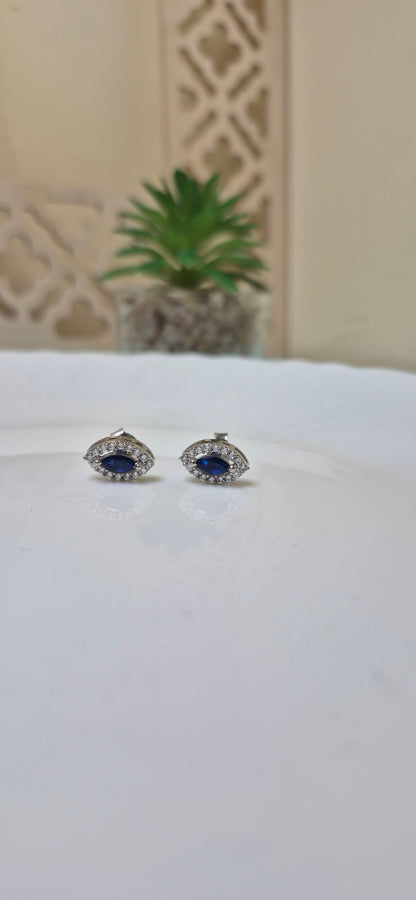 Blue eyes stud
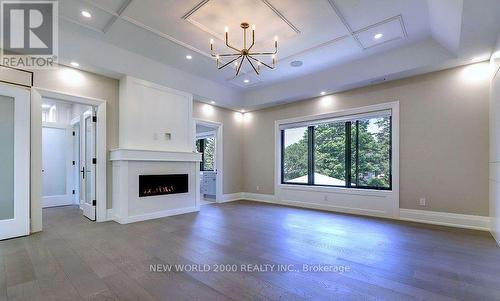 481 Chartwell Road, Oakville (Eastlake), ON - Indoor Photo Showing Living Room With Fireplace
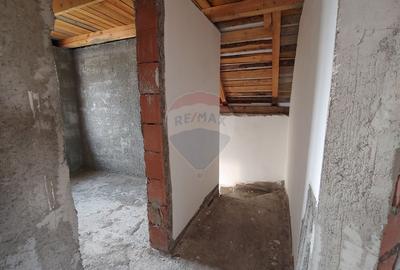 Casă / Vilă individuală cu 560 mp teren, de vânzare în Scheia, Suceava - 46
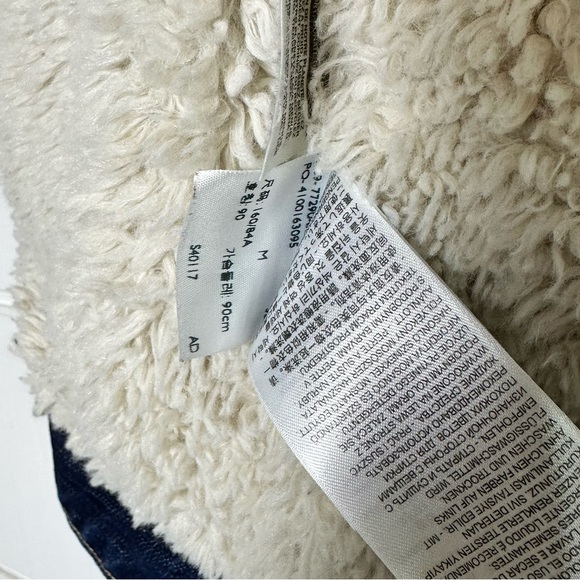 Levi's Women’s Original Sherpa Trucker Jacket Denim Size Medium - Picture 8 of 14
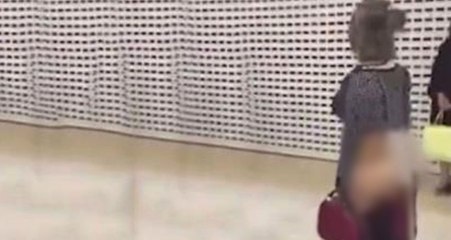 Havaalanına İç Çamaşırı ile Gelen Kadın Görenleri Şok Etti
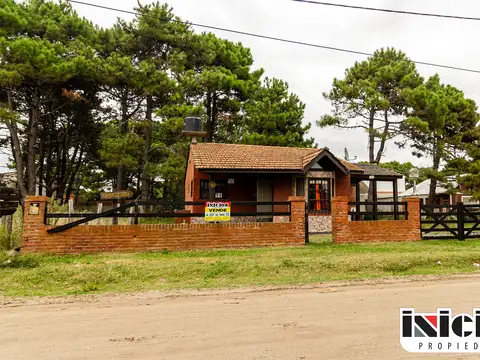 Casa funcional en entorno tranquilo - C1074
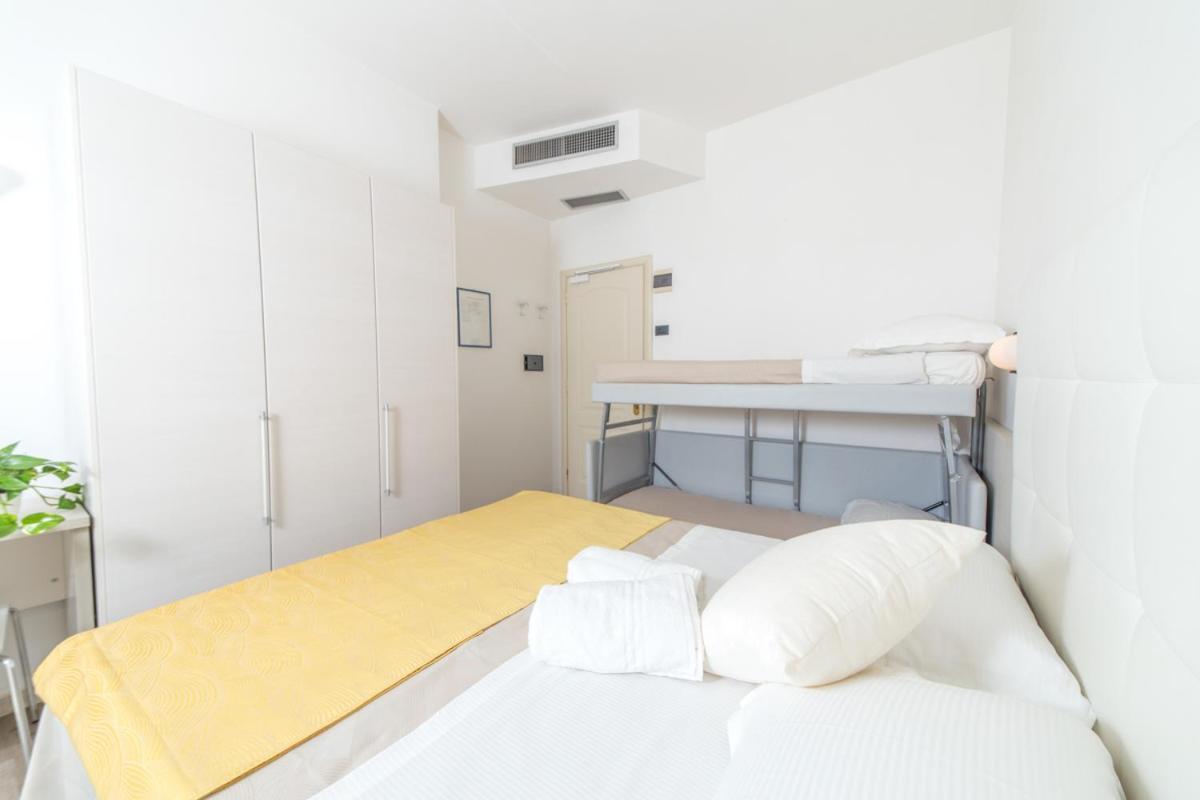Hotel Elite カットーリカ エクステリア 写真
•••••
Task instructions: Everything in the records that precede this task must be written out again exactly, except the pictures.

Task answer:
 Blue eyes stud
 481 Chartwell Road, Oakville (Eastlake), ON - Indoor Photo Showing Living Room With Fireplace
 Casă / Vilă individuală cu 560 mp teren, de vânzare în Scheia, Suceava - 46
 Levi's Women’s Original Sherpa Trucker Jacket Denim Size Medium - Picture 8 of 14
 Havaalanına İç Çamaşırı ile Gelen Kadın Görenleri Şok Etti
 Casa funcional en entorno tranquilo - C1074
Hotel Elite カットーリカ エクステリア 写真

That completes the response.